A final observation of the US data shows the bottom 40% of wage earners losing ground and the next 20% at break even over the last 20 plus years.
Everyone seems to have a pet theory as to the cause of the rise in equality. Here are some of the top contenders:
- Decrease in strength of labour unions
- Declining quality of education
- Excessive use of stock buy backs
- Financialization of the economy
- The increasing influence of economists in the public policy arena
As for solutions, Nick Hanauer had an interesting article in The Atlantic Magazine recently.
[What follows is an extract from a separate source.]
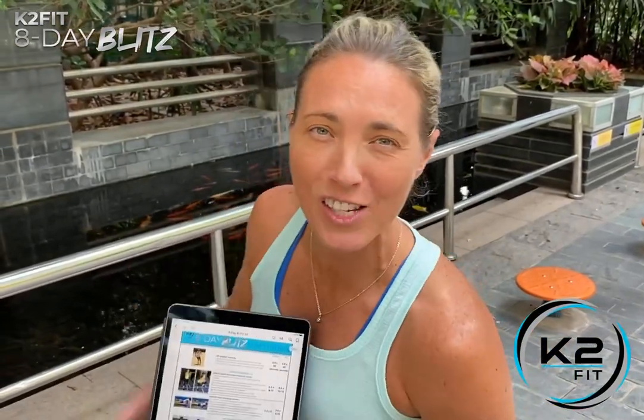Hey K2Fitters, Coach Kara here and it is day one of the 8-day blitz. You can tell it's a new day because I changed my hair — or I just put it up. All right, I'm a big dork, let's get that out of the way real quick.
Today, after wealthy elites gobble up our outsize share of national income, the median American family is left with $76,000 a year. Had hourly compensation grown with productivity since 1973—as it did over the preceding quarter century, according to the Economic Policy Institute—that family would now be earning more than $105,000 a year. Just imagine, education reforms aside, how much larger and stronger and better educated our middle class would be if the median American family enjoyed a $29,000-a-year raise.
In fact, the most direct way to address rising economic inequality is to simply pay ordinary workers more, by increasing the minimum wage and the salary threshold for overtime exemption; by restoring bargaining power for labor; and by instating higher taxes—much higher taxes—on rich people like me and on our estates.